On top of this youth movement, Boston has the flexibility to add a max contract player such as Gordon Hayward, who played under head coach Brad Stevens at Butler. While the team will have to make a tough decision on who to pay the following season (both Isaiah Thomas and Avery Bradley up for extensions), the team could still elect to sign Hayward to pair with Al Horford and their tremendous guard depth.
The potential signing of Hayward would also allow the Celtics to move Jae Crowder to the bench, where he could excel on both sides of the ball and guard the best offensive sixth man on every team in the Eastern Conference.
Looking at the progress of the Celtics makes one think of their growth as a “ladder” of some kind. They blew the team up in the 2013 offseason and took the first step into a rebuild with a dismal follow-up that saw former fan favorites Rajon Rondo and Jeff Green get dealt for draft picks (and Jae Crowder).

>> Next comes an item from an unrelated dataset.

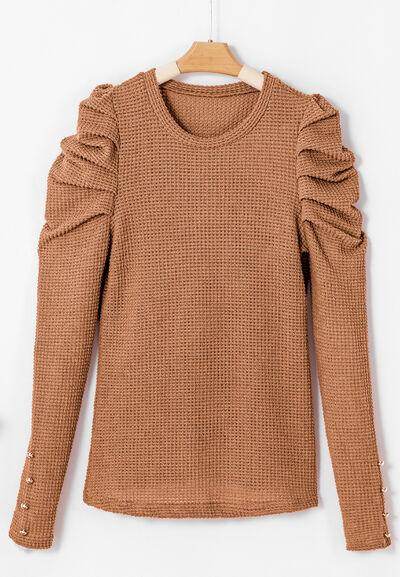 Decorative Button Round Neck Puff Sleeve Blouse for Women - Selvanelle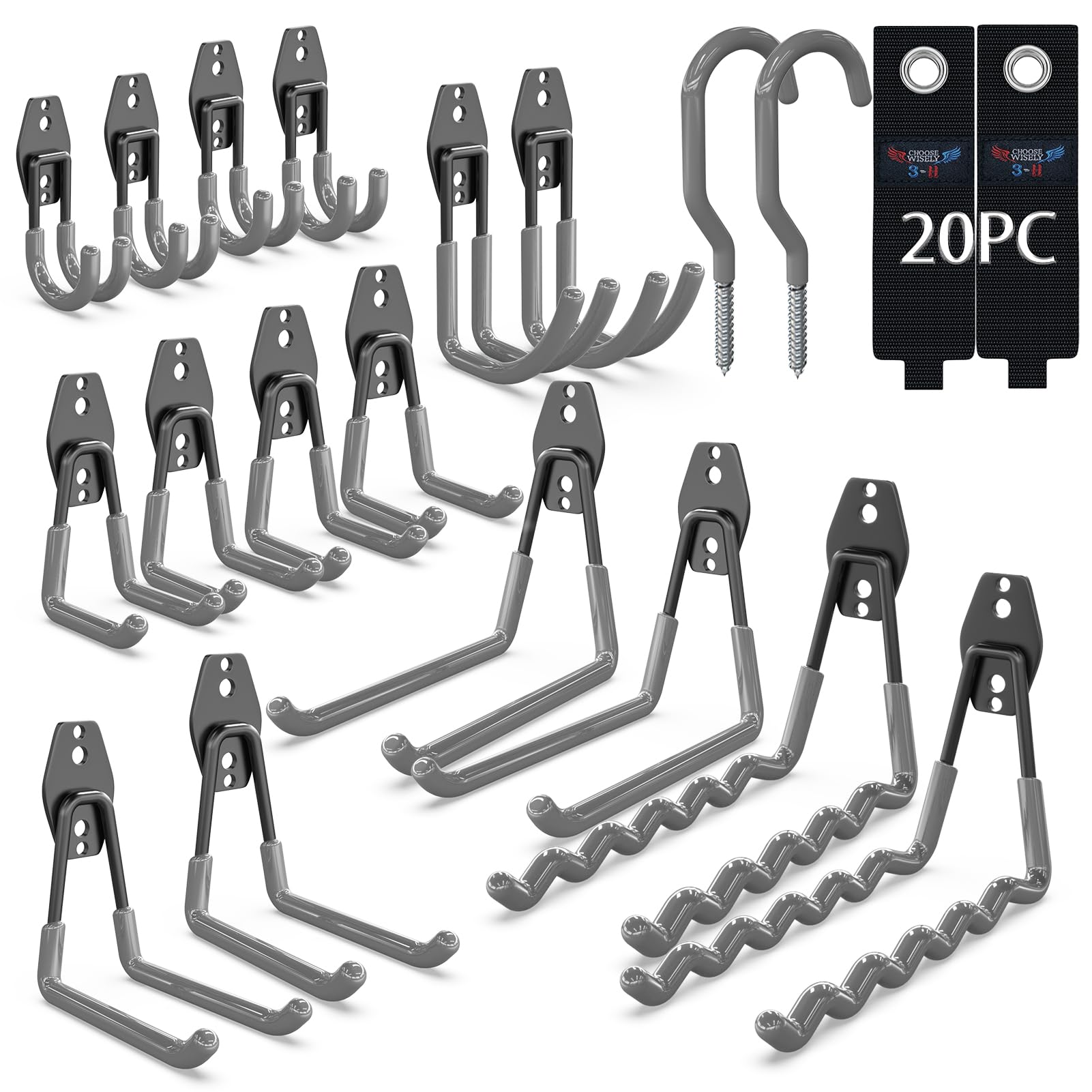 3-H Ganchos de Garaje Resistentes, Paquete de 8 Ganchos de Almacenamiento de Garaje de Acero, Soporte de Pared y Organizador de Herramientas, Cuerdas, Cables(Rojo) — view 7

The following season, they overachieved and snuck into the playoffs, only to be blown out by Cleveland in 2014-15. After some more shuffling of the roster, they played a competitive series the following year as the fifth seed, where they lost 4-2 to the Atlanta Hawks. But stole Horford from Atlanta in the offseason. Now they have reached the conference finals and the only way to go for this team is up.
What is the next step? Some say it is to make a charge and beat LeBron James now and form your own “super-team” by cashing in on your assets.
Others say to do a minor tear down to prepare for LeBron’s eventual downfall. What is certain, though, is that the Celtics are poised to meet this Cavaliers team repeatedly in the coming years, armed with the potential to get infinitely better, along with a genius young coach and confident general manager.